The first time I used a computer was on a Mac. The Apple One was our first family computer and I remember it dearly. My father is a techie and my mother is an English professor so I grew up writing. I remember my mom working on her Doctoral thesis on the computer and me writing my school papers and short stories on it. 

That is why the following article is pretty cool. Aaron Sorkin wrote an article for The Daily Beast where he recalls what it was like to meet Steve Jobs. This is a must read for any Apple fan, computer lover or writer. Check it out below and share your thoughts:

Why don’t you come on up here and let me give you a tour of the place.”

I’d never met Steve Jobs but we’d begun a phone friendship. It began when I was quoted somewhere answering the question “Mac or PC?” and I said, “Everything I’ve ever written, I’ve written on a Mac.” He called me to say he appreciated the quote and said if there was ever anything he could do for me I should give him a ring. Then he would call me from time to time to compliment me on an episode of television or a movie I’d written that he’d particularly liked.

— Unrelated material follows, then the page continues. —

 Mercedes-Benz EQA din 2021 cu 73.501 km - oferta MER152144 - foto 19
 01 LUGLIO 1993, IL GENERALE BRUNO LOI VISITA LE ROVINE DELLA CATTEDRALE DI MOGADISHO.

When someone’s making a courtesy call I like not to make them stay on the phone very long. So I never got a chance to tell Steve that he was making truly great American products that people wanted to buy. I never got to tell him about the experience of “opening the box” that so many of us are talking about this week. Or about how my young daughter can’t walk past an Apple store without going in. I never told him how I loved his sense of showmanship.

There’s a huge difference between a showman and huckster. A showman’s got the goods.

The second-to-last call I got from Steve came the day a television series of mine was canceled. “I just want to make sure you’re not discouraged,” he said. Why would an almost stranger take even 60 seconds out of his day to make that call? It had to have been because he was an awfully nice man. And that he knew what it felt like to blow it on a big stage.

But it’s his last call I’ll always remember. He wanted me to write a Pixar movie. I told him I loved Pixar movies, I’d seen all of them at least twice and felt they were small miracles, but that I didn’t think I’d be good at it.

STEVE: Why not?

ME: I just—I don’t think I can make inanimate objects talk.

STEVE: Once you make them talk they won’t be inanimate.

ME: The truth is I don’t know how to tell those stories. I have a young kid who loves Pixar movies and she’ll turn cartwheels if I tell her I’m writing one and I don’t want to disappoint her by writing the only bad movie in the history of Pixar.

(long silence)

STEVE: Jeez ... write about THAT.

ME: Steve—

STEVE: Why don’t you come up here and let me give you a tour of the place.

I told him I’d take him up on it and I never did. But I still keep thinking about that Pixar movie. And for me, that’s Steve’s legacy. That, and the fact that I wrote this on a Mac that I loved taking out of the box.